▶ AIM OF THE EXERCISE
All lines from the one with "2025 Voyah Dream" through the end of the records below are to be given again exactly, and nothing else.

[Brief descriptive captions]
....................
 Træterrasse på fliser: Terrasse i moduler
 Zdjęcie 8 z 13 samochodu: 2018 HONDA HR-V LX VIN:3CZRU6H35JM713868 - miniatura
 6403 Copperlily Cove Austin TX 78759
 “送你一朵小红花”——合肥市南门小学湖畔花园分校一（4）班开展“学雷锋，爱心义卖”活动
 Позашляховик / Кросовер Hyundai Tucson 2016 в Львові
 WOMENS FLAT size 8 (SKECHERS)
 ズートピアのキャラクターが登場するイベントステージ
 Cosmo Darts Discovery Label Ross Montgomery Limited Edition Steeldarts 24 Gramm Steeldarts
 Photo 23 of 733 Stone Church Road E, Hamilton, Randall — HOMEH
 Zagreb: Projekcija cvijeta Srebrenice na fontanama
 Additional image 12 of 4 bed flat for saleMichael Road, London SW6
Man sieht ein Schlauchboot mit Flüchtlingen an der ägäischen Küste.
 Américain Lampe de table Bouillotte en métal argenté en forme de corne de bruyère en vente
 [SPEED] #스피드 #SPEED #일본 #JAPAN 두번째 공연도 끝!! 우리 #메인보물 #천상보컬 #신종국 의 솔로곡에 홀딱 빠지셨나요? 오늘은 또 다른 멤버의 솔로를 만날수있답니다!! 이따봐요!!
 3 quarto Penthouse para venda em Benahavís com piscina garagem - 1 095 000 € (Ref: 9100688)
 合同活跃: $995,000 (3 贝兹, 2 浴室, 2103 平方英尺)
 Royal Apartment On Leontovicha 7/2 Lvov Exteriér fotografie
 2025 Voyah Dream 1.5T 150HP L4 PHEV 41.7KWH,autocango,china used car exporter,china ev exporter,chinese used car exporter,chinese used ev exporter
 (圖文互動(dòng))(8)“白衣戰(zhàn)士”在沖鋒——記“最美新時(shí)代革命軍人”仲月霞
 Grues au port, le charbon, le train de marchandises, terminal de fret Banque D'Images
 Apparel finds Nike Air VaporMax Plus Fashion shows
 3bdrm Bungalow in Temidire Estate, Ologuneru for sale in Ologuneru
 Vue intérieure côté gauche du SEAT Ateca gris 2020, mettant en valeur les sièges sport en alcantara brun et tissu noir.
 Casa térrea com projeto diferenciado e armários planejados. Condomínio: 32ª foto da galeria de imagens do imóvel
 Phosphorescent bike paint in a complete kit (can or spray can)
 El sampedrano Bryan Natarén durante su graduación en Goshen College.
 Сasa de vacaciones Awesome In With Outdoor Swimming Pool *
....................
▶ RESULT FOR THIS EXERCISE
 2025 Voyah Dream 1.5T 150HP L4 PHEV 41.7KWH,autocango,china used car exporter,china ev exporter,chinese used car exporter,chinese used ev exporter
 (圖文互動(dòng))(8)“白衣戰(zhàn)士”在沖鋒——記“最美新時(shí)代革命軍人”仲月霞
 Grues au port, le charbon, le train de marchandises, terminal de fret Banque D'Images
 Apparel finds Nike Air VaporMax Plus Fashion shows
 3bdrm Bungalow in Temidire Estate, Ologuneru for sale in Ologuneru
 Vue intérieure côté gauche du SEAT Ateca gris 2020, mettant en valeur les sièges sport en alcantara brun et tissu noir.
 Casa térrea com projeto diferenciado e armários planejados. Condomínio: 32ª foto da galeria de imagens do imóvel
 Phosphorescent bike paint in a complete kit (can or spray can)
 El sampedrano Bryan Natarén durante su graduación en Goshen College.
 Сasa de vacaciones Awesome In With Outdoor Swimming Pool *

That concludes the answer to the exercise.